Eyedrum hopes to drum up support

Faced with a heavy financial burden, the nonprofit looks to the community for help

Eyedrum, Atlanta’s flagship venue for experimental art, music, and theater, will close or relocate this year if emergency financial support doesn’t cover a growing budget deficit. In an effort to stave off rising overhead debt, a massive art auction featuring works donated from more than 100 local artists, including Kojo Griffin, Lilian Blades and Angus Galloway, will be held Fri., Aug. 14. Robert Cheatham, Eyedrum’s executive director, points out that the scramble for funding is nothing new. “We’ve been in dire need since the minute we moved in,” he says with a laugh.

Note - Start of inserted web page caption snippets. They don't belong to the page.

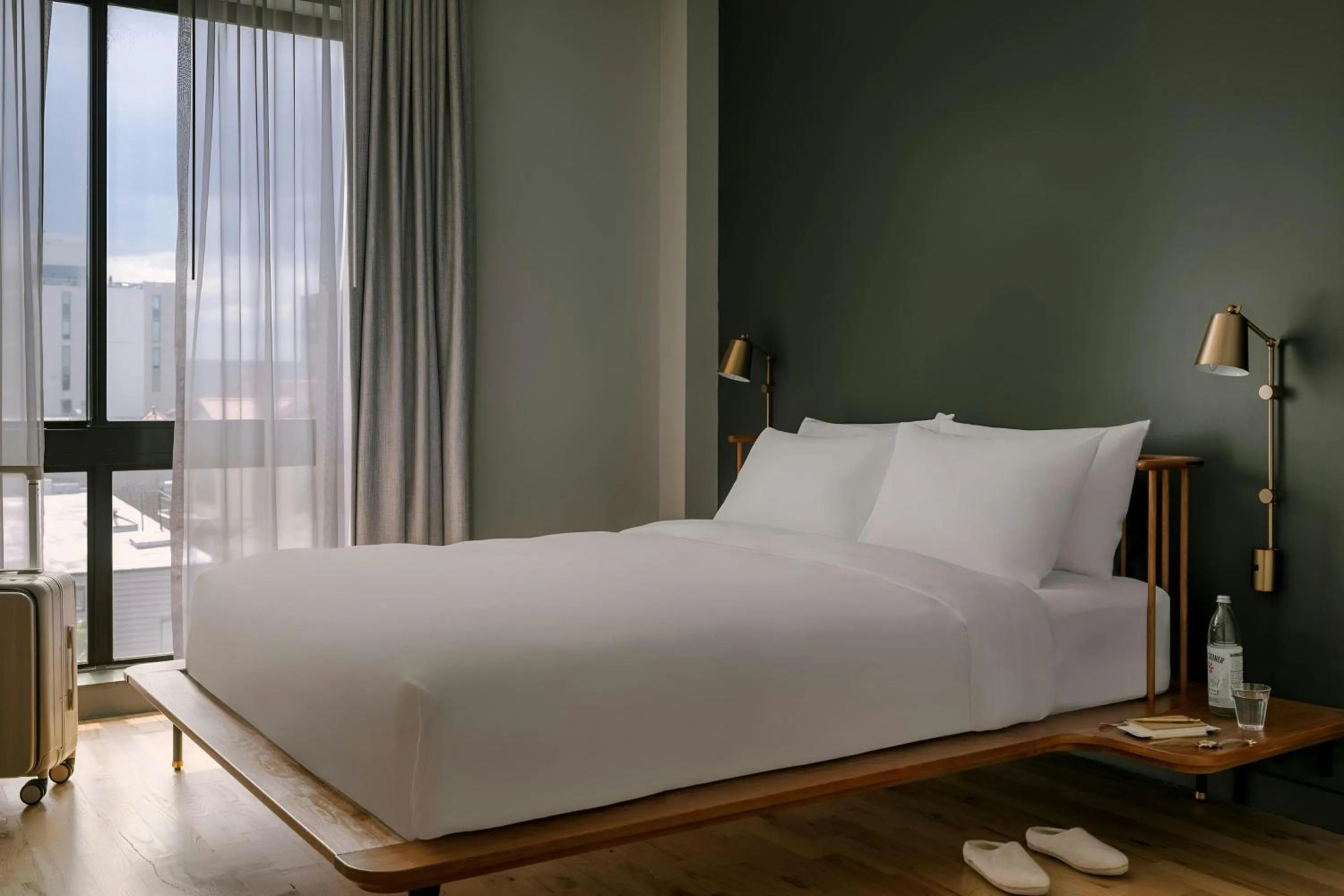Bedroom, Bed in The Dutch Hotel Long Island City, Sonder by Marriott Bonvoy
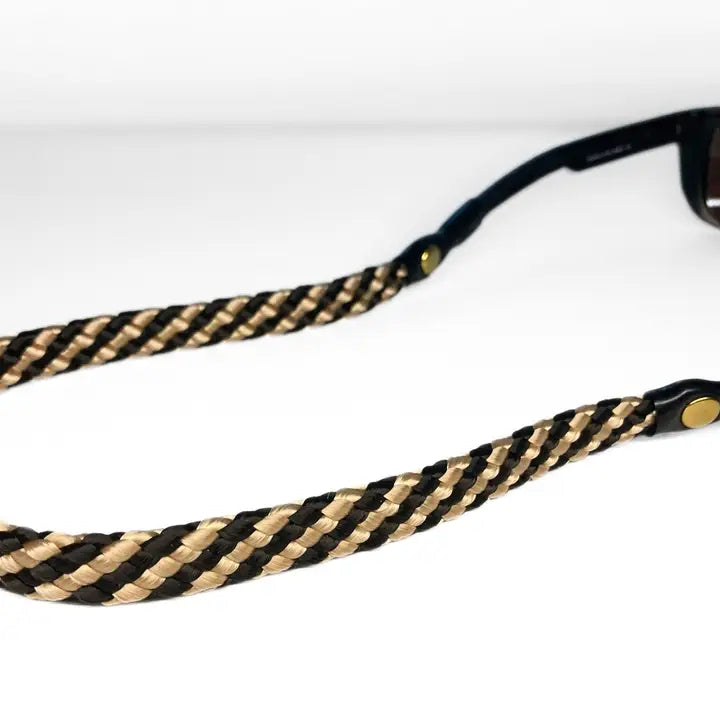 Tailin’ Ties Stern Lines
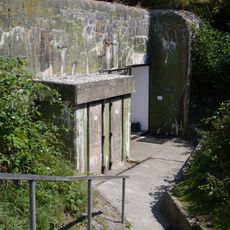 Kazemat VII (zoeklichtkazemat met opstelplaats voor zoeklicht, spiegelkamer, remise voor de spiegelinstallatie, aggregaat, manschappenverblijf.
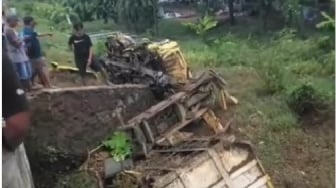 Tabrakan Kereta Api vs Truk di Brebes, Bapak Anak Meninggal Dunia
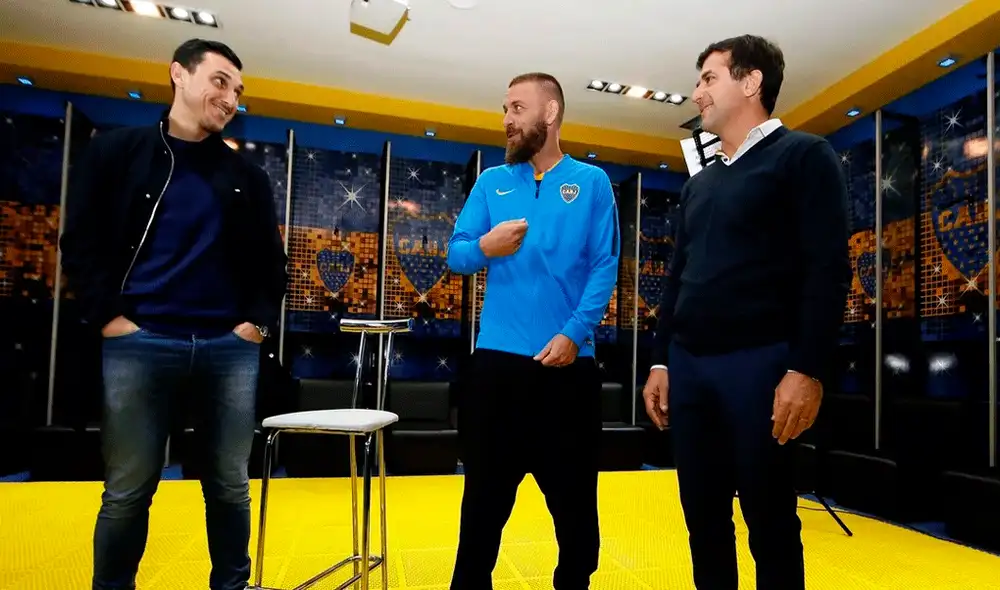 De Rossi se mostró con la indumentaria de Boca Juniors y pisó por primera vez el césped de La Bombonera. | Foto: @BocaJrsOficial De Rossi se mostró con la indumentaria de Boca Juniors y pisó por primera vez el césped de La Bombonera. | Foto: @BocaJrsOficial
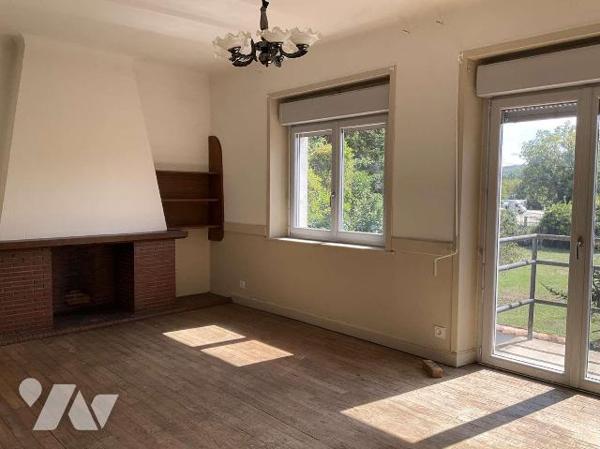 A VENDRE : Proche commerces dans petite ville (SOUILLAC - 46) maison à rafraîchir sur un très b...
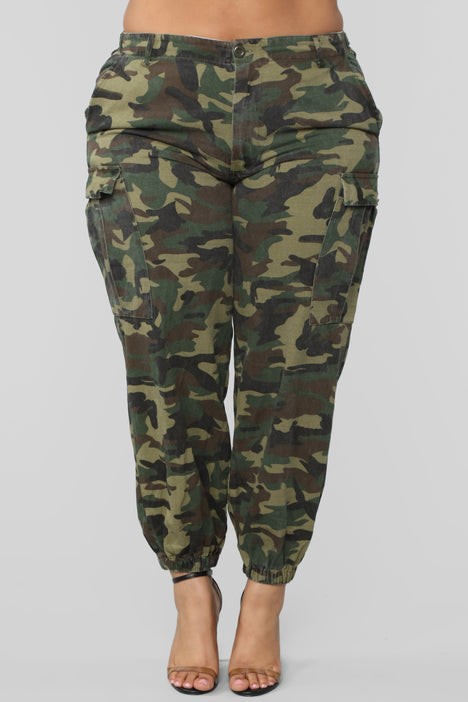 Fashion nova outlet camo leggings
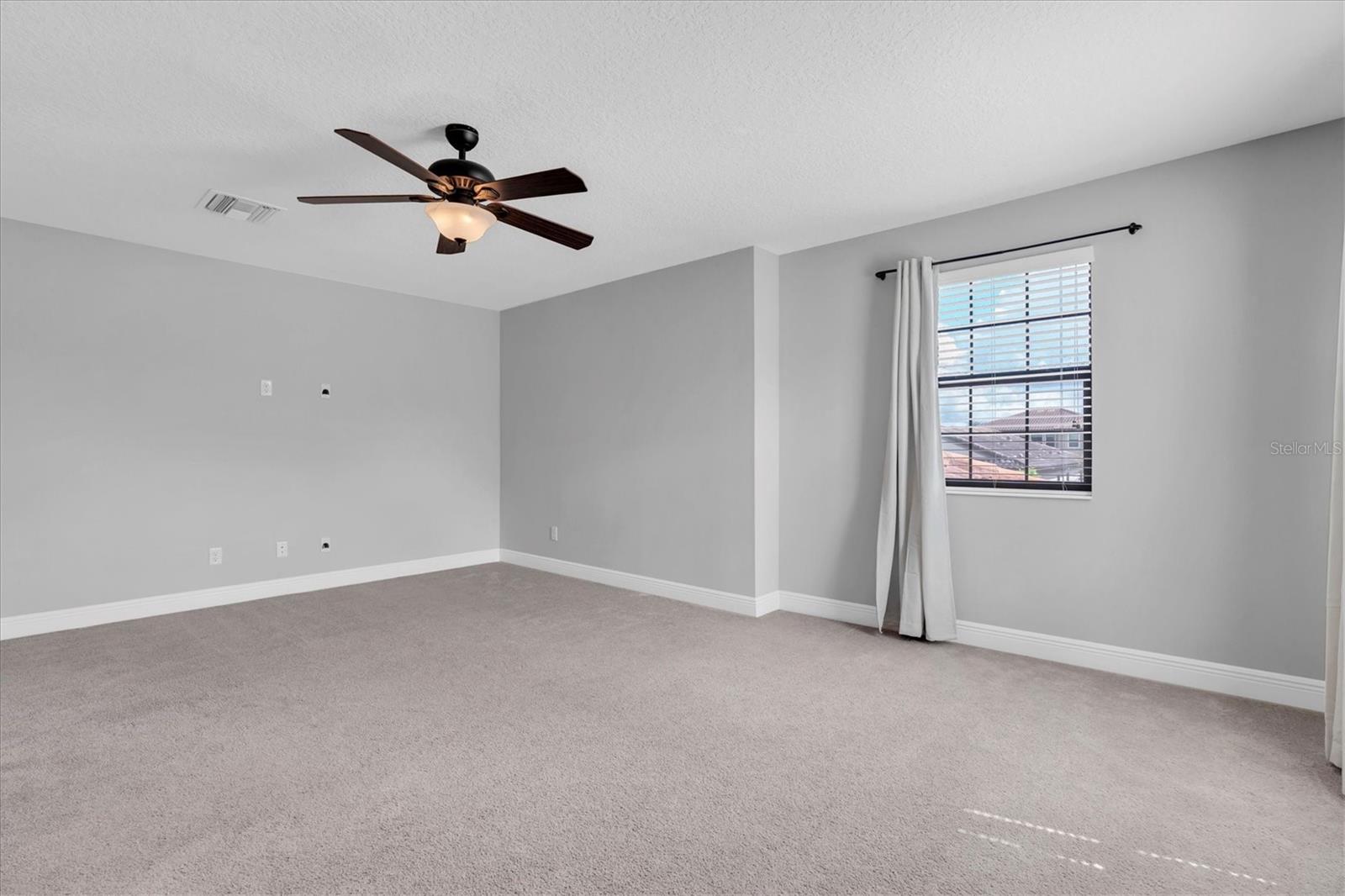 Image 28 of 73 For 12718 Burns Drive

While operating on a tight budget for the last 10 years, the nonprofit has never missed a rent payment on its Grant Park warehouse space until two months ago. Cheatham says landlord Braden Fellman has been negotiable and easy to work with, but the late fees are pushing operating costs to an unsustainable level. “We want to work with them. We don’t want to leave our space,” stresses Woody Cornwell, who founded the group with Marshall Avett in 1998. How an agreement or solution may be reached is still unclear, especially considering the current economic climate and Eyedrum’s declining income from event rentals and attendance in the last year.

Eyedrum occupies a sprawling 6,000-square-foot portion of the mattress factory once operated by Southern Spring Bedding Company. The raw, unadorned style and massive floor plan encourage an unencumbered vitality the organization has sought to foster. “People can do anything they want there. They understand that this is art and they don’t ask questions,” says April Leigh, who performed in an improvisational circus-theater piece, Buffoonicus, at the space last month.

The scope of programming is unparalleled, says Andy Ditzler of the Film Love series. “If you took a night at the Bowery Poetry Club in New York, a show at Les Instants Chavires in Paris, and a screening at San Francisco Cinematheque and you made the staff all-volunteer and cut all the funding, that’s Eyedrum. They’re unique — not in the Southeast, not in the country — they’re unique internationally.”

The venue is run entirely by a volunteer board of directors who handle every level of need, from booking artists to sweeping the floor. “The way we structured ourself was experimental. That was intentional,” Cheatham says. “We like a certain amount of confusion.”

Omar Khalid, another board member, puts the organizational structure in a less positive light. “We just don’t have enough people writing grant proposals, handling legal matters, doing effective PR, and so on. We used to, but apparently we’ve driven them off.”

The group has received some grants, including an impressive $30,000 contribution from the Warhol Foundation in 2006, but Cheatham thinks the lack of paid employees may discourage some arts organizations from supporting Eyedrum’s efforts. The Warhol Foundation grant was strictly limited for use on exhibitions and couldn’t be put toward operating costs.

Cornwell remembers his life before Eyedrum, when he was a young SCAD graduate trying to find a place to show his artwork, “I went to every gallery in Atlanta and nobody liked it. I couldn’t get a gig.” Fed up with trying to convince someone to show his work, he and his roommate Avett cleared the common area of their apartment in Castleberry Hill and started inviting their friends over for events. They quickly realized that the apartment wasn’t going to cut it. “When there are like 350 people trying to pack in your house, you realize you’re hitting a note,” he says.

Eyedrum has grown into a place of vital prominence in the decade since, and closing the venue now could seriously stifle access to art in the Atlanta community. As Cornwell tells it, though, that was never his plan. “We didn’t expect anyone to pay attention, not newspapers, not anyone. I never expected it to be like this.”